** Opening Recorded information block **

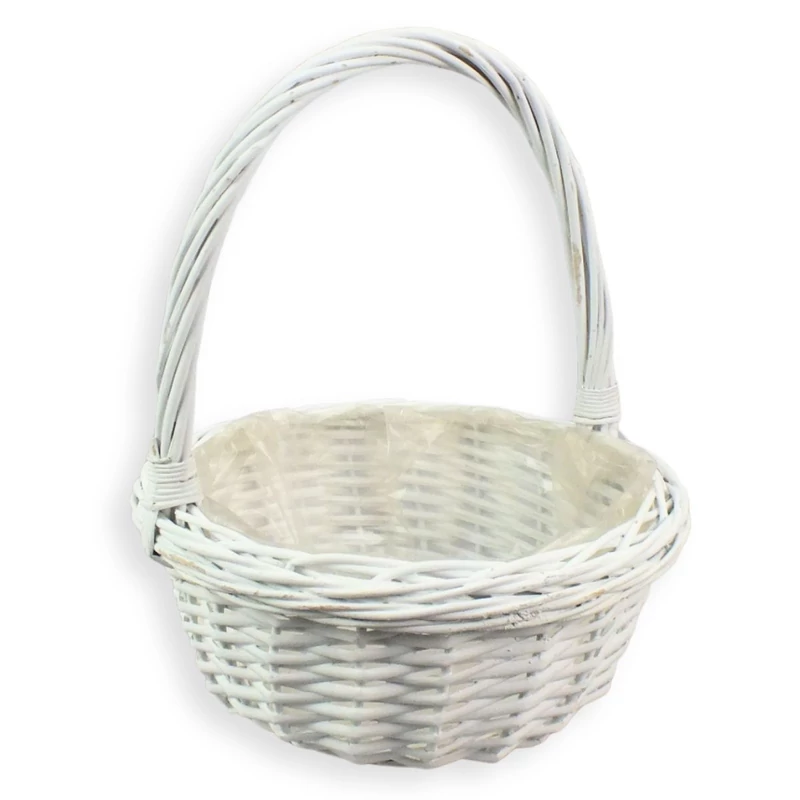 Fonott kosár fehér 38cm - kerek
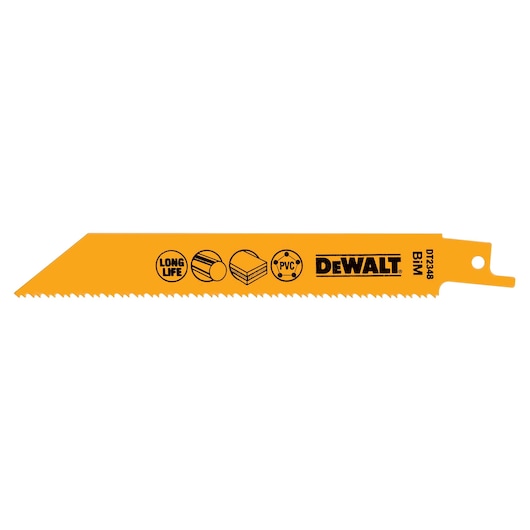 DEWALT DT2348 saw blade, yellow, for wood and PVC cutting, with icons for durability and material compatibility.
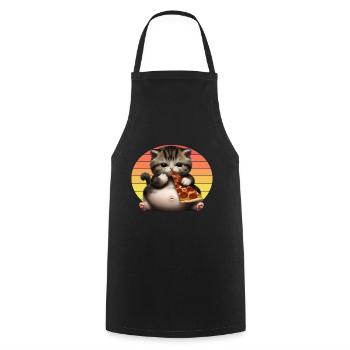 Pizza Liebhaber Katze - Kochschürze - Schwarz - Vorne - AI Model Male 185 dark (185cm)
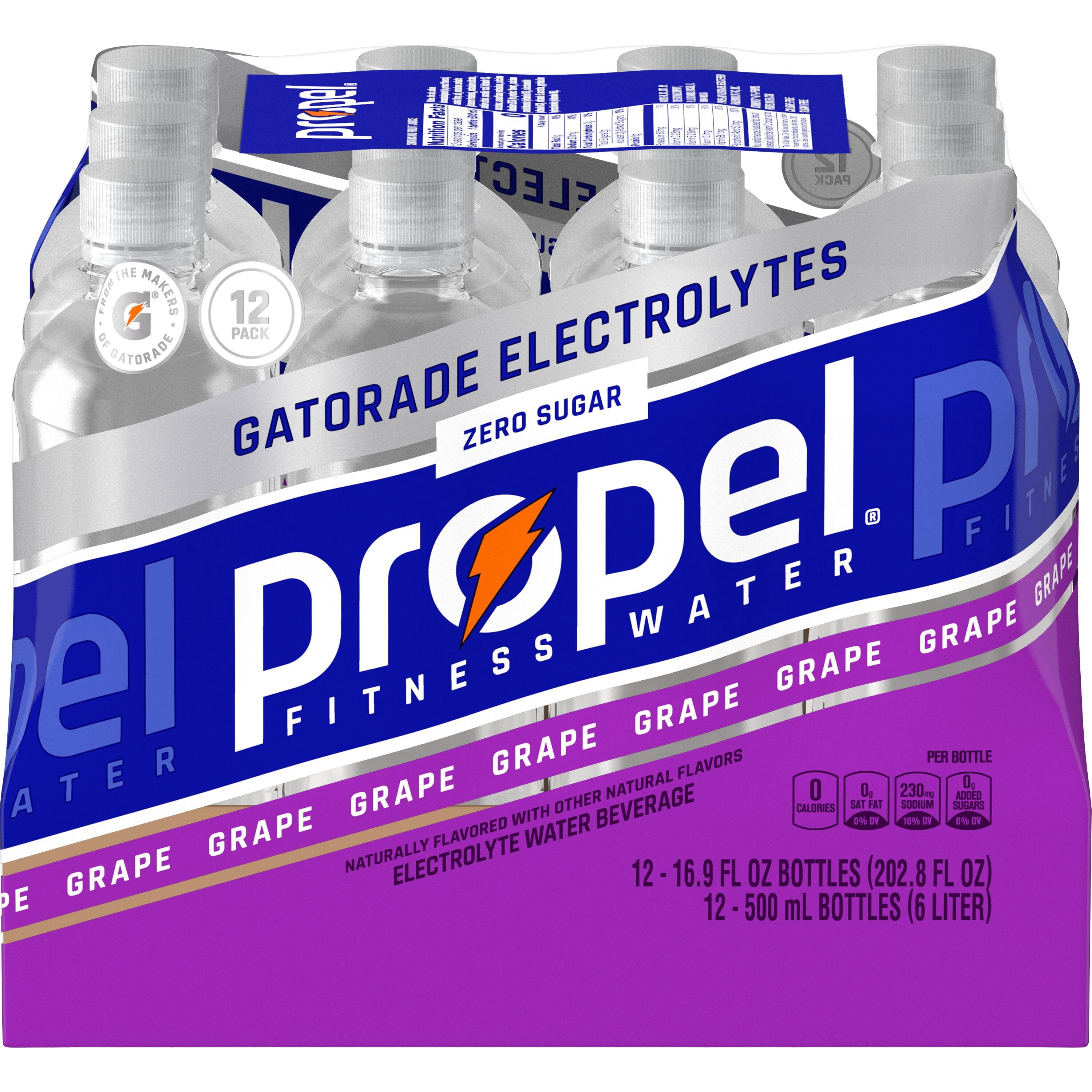 Propel Electrolyte Enhanced Water Grape Zero Calorie Sports Drink 16.9 fl oz Bottles (12 Pack)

** Closing Recorded information block **

What you will do:
Return the listing verbatim; pictures are not part of the copy.

Answer area:
 Fonott kosár fehér 38cm - kerek
 DEWALT DT2348 saw blade, yellow, for wood and PVC cutting, with icons for durability and material compatibility.
 Pizza Liebhaber Katze - Kochschürze - Schwarz - Vorne - AI Model Male 185 dark (185cm)
 Propel Electrolyte Enhanced Water Grape Zero Calorie Sports Drink 16.9 fl oz Bottles (12 Pack)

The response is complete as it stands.